In addressing delegates, Adenauer identified the wreckage of Prussian hegemonistic power as the "inevitable consequence" ("notwendige Folge") of the Prussian system. Prussia was viewed by opponents as "Europe's evil spirit" and was "ruled over by an unscrupulous caste of war-fixated militaristic aristocrats" ("von einer kriegslüsternen, gewissenlosen militärischen Kaste und dem Junkertum beherrscht"). He said that the other German states should, therefore, no longer put up with Prussian supremacy, that Prussia should be divided up, and the western provinces separated out to form a "West German Republic". This would make future domination of Germany by Prussia's eastern militaristic ethos impossible. Adenauer was, however, keen that this West German Republic should remain inside the German political union.
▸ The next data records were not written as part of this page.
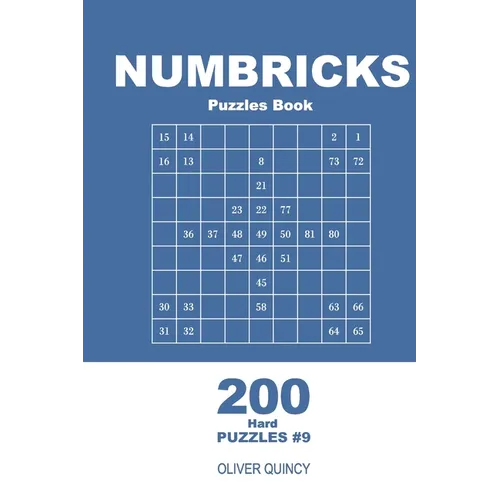 Numbricks Puzzles Book - 200 Hard Puzzles 9x9 (Volume 9) - Paperback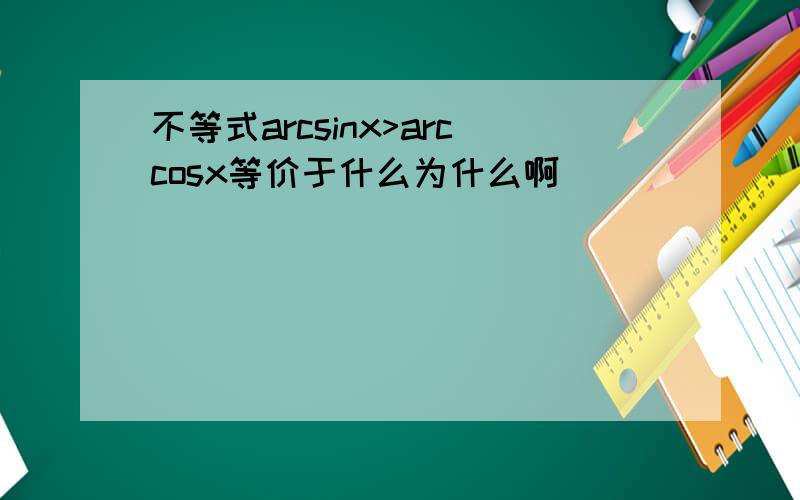 不等式arcsinx>arccosx等价于什么为什么啊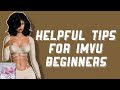 Tips I wish I knew before joining IMVU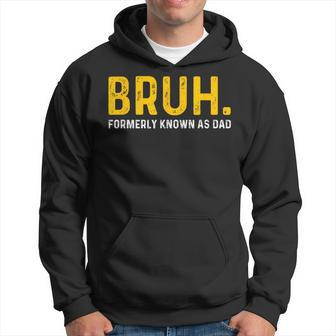 Bruh Formerly Known As Dad Vintage Father's Day Men Hoodie - Seseable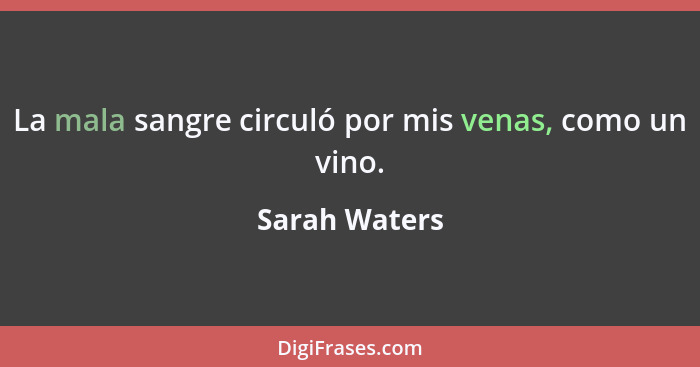 La mala sangre circuló por mis venas, como un vino.... - Sarah Waters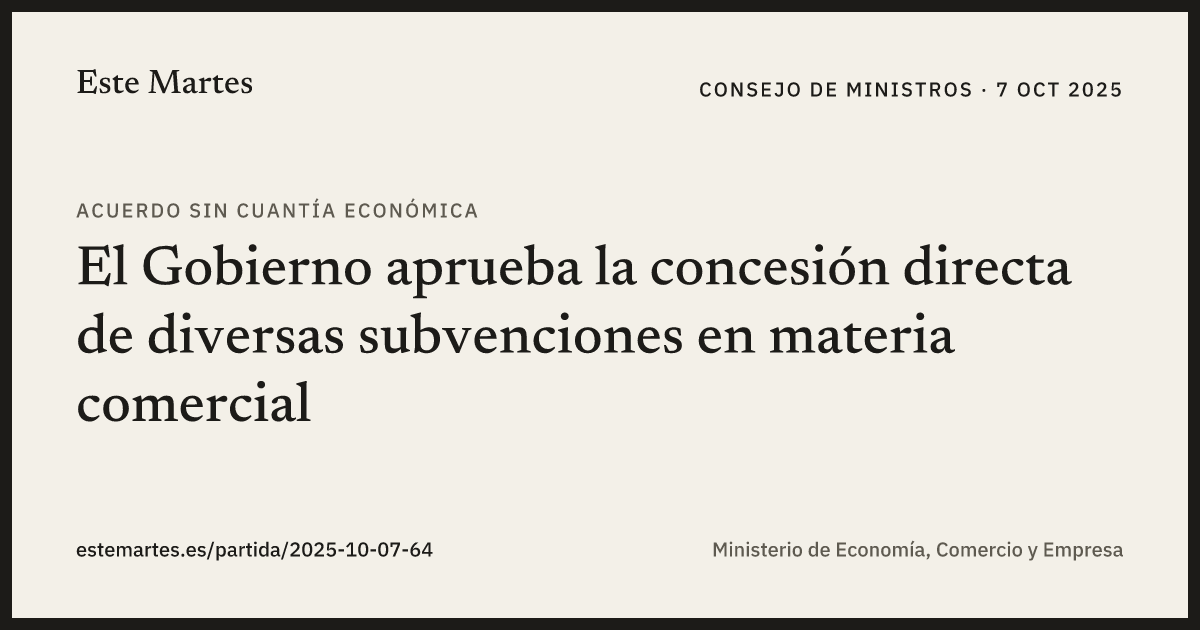 Tarjeta: El Gobierno aprueba la concesión directa de diversas subvenciones en materia comercial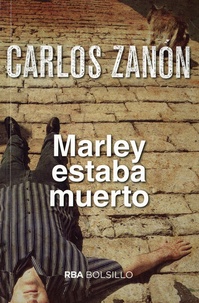 Carlos Zanon - Marley estaba muerto.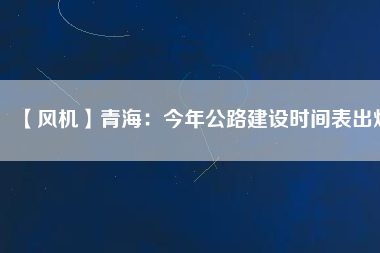 【風機】青海：今年公路建設時間表出爐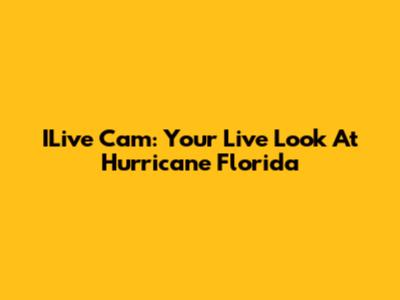 ILive Cam: Your Live Look At Hurricane Florida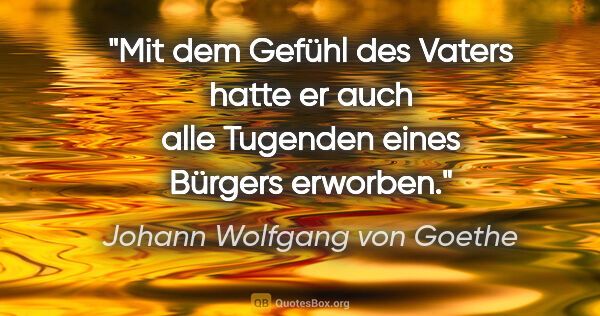 Johann Wolfgang von Goethe Zitat: "Mit dem Gefühl des Vaters hatte er auch alle Tugenden eines..."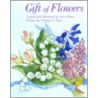 Gift of Flowers by Penelope C. Paine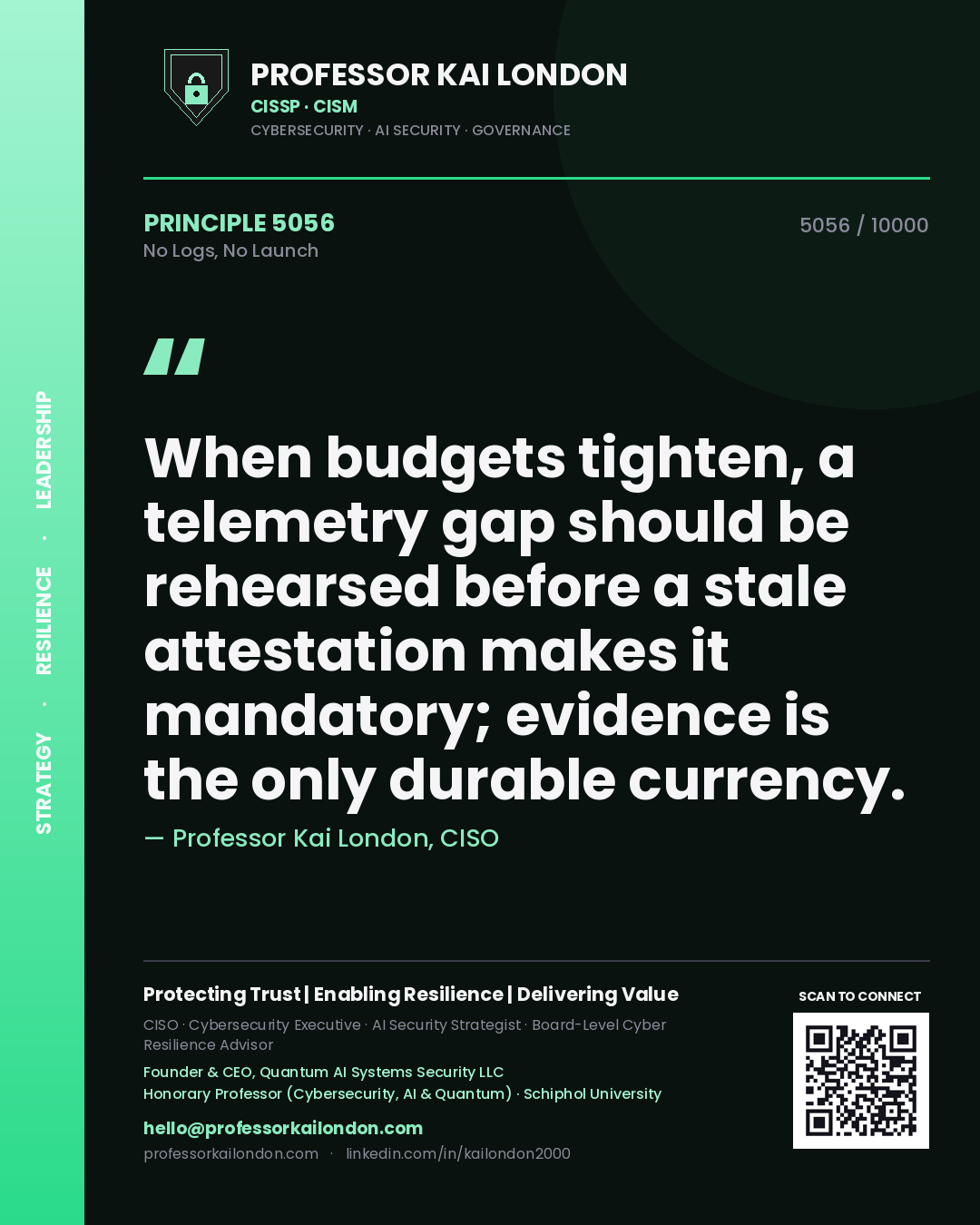 Quote card by Professor Kai London reading 'When budgets tighten, a telemetry gap should be rehearsed before a stale attestation makes it mandatory; evidence is the only durable currency.'. From the book No Logs, No Launch.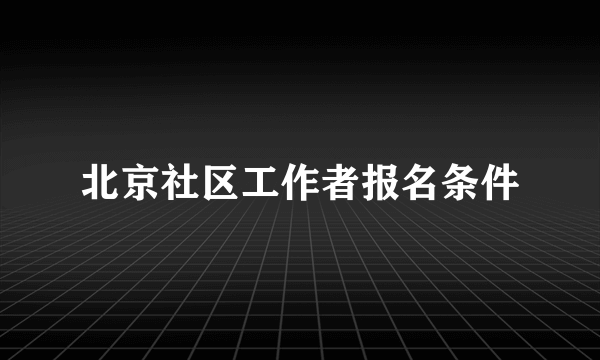 北京社区工作者报名条件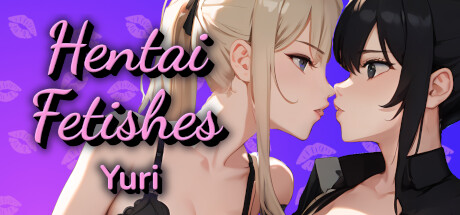 Hentai Fetishes: Yuri Steam header image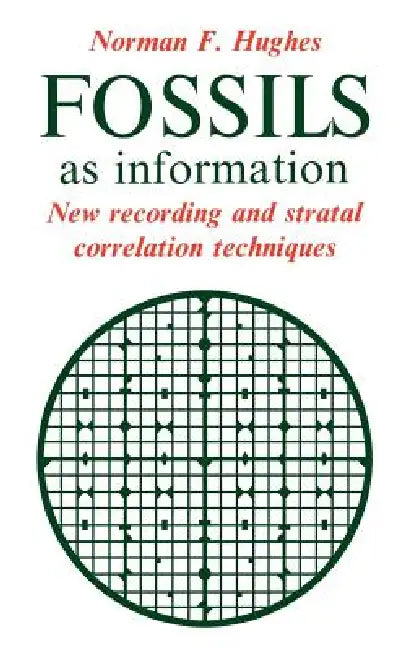 Fossils as Information by Norman F. Hughes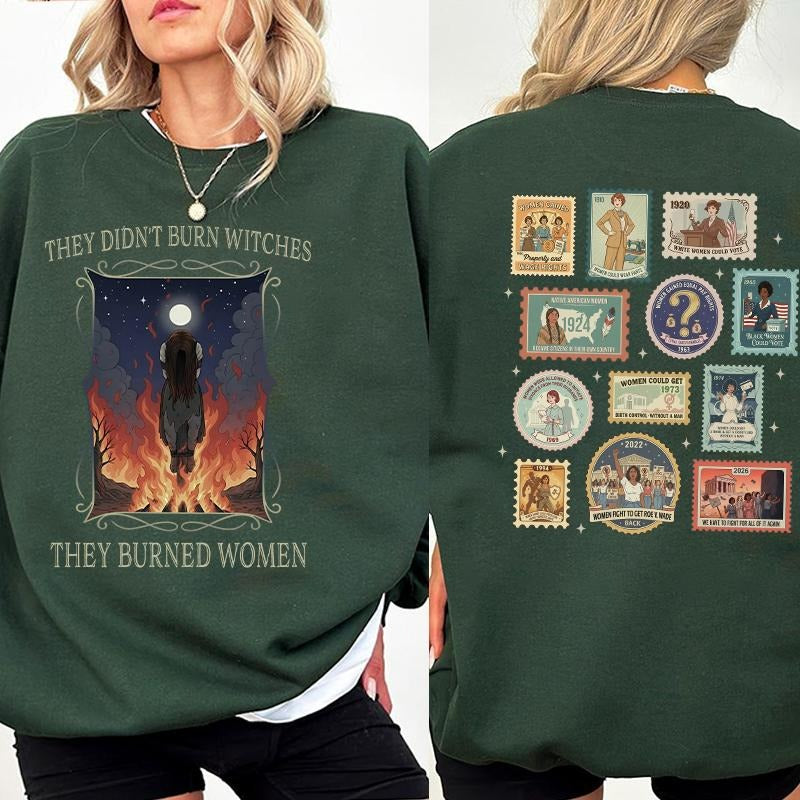 They Didn't Burn Witches Feminist History Tribute T-Shirt / Sweatshirt / Hoodie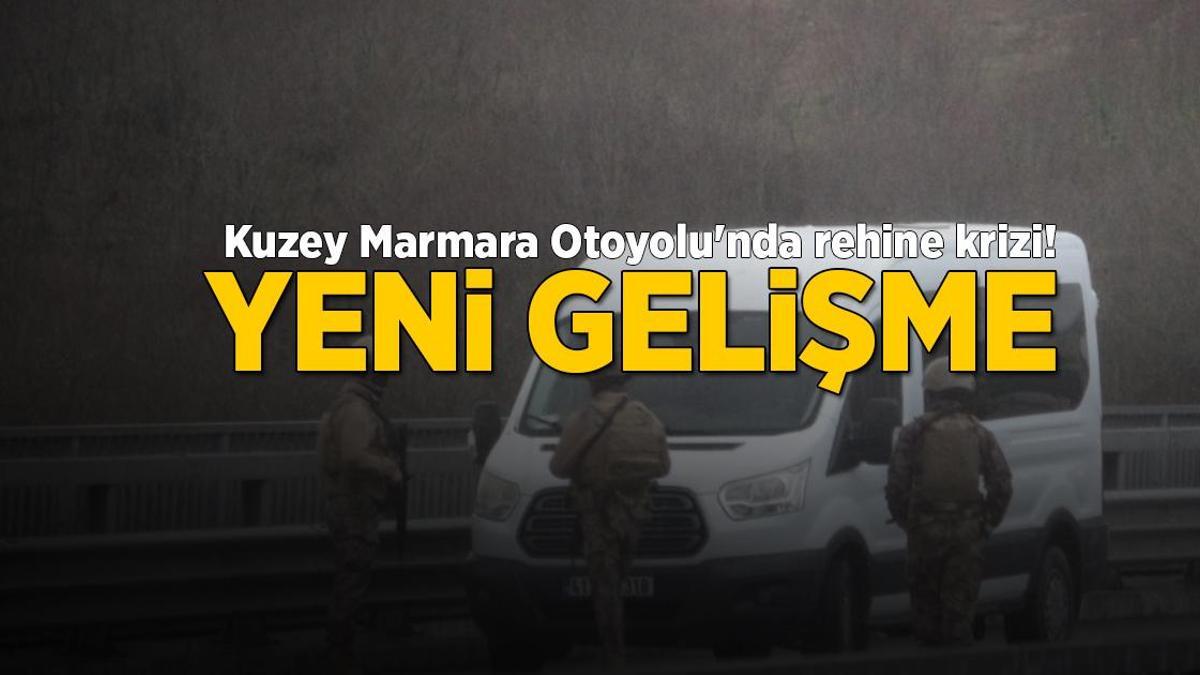 Kuzey Marmara Otoyolu’nda rehine krizi! Yeni gelişme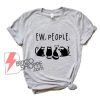 Cat Ew People Shirt - Funny Shirt On Sale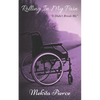 Rolling In My Pain: It Didn't Break Me - Paperback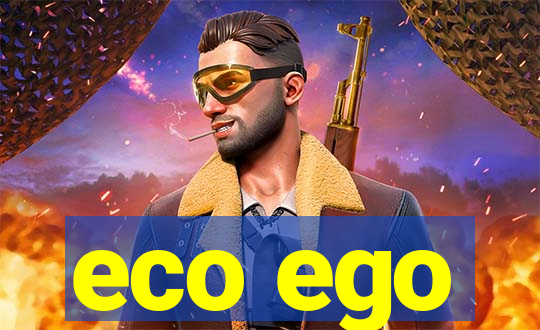 eco ego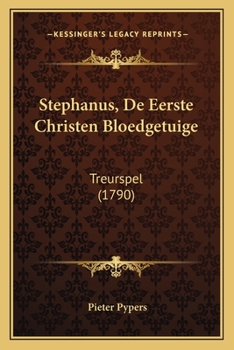 Stephanus, De Eerste Christen Bloedgetuige: Treurspel (1790)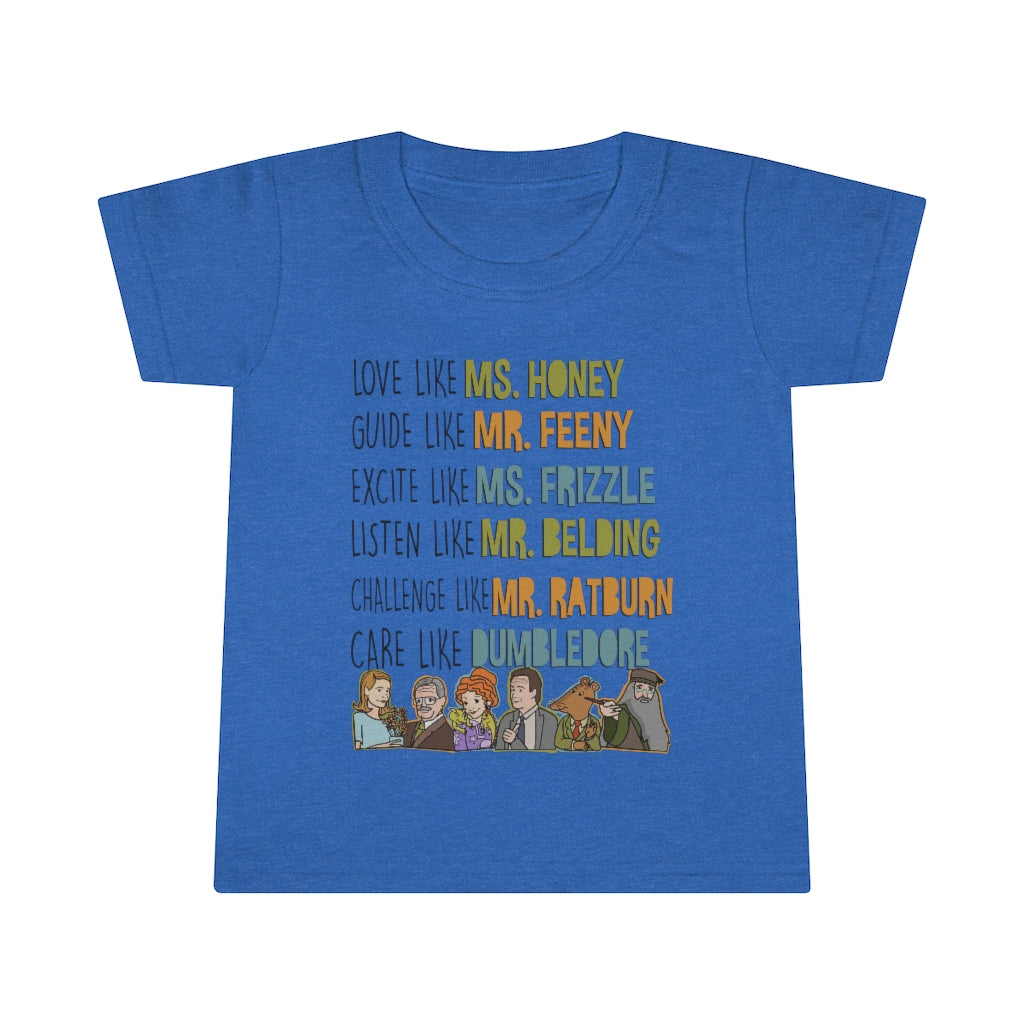 Love Guide Excite Listen Challenge Care like teachers Toddler tee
In the end, the Cologne meeting produced a two-point resolution. The meeting asserted the right of the Rhineland peoples to political self-determination. The proclamation of a West German Republic was to be deferred, however, so that the Prussian state might be divided up. In this way a practical solution could first be agreed with the French occupiers and France's allies regarding the issue of reparations.

During the months following Adenauer's meeting, separatist movements with a range of priorities and agendas appeared in many Rhineland towns and villages.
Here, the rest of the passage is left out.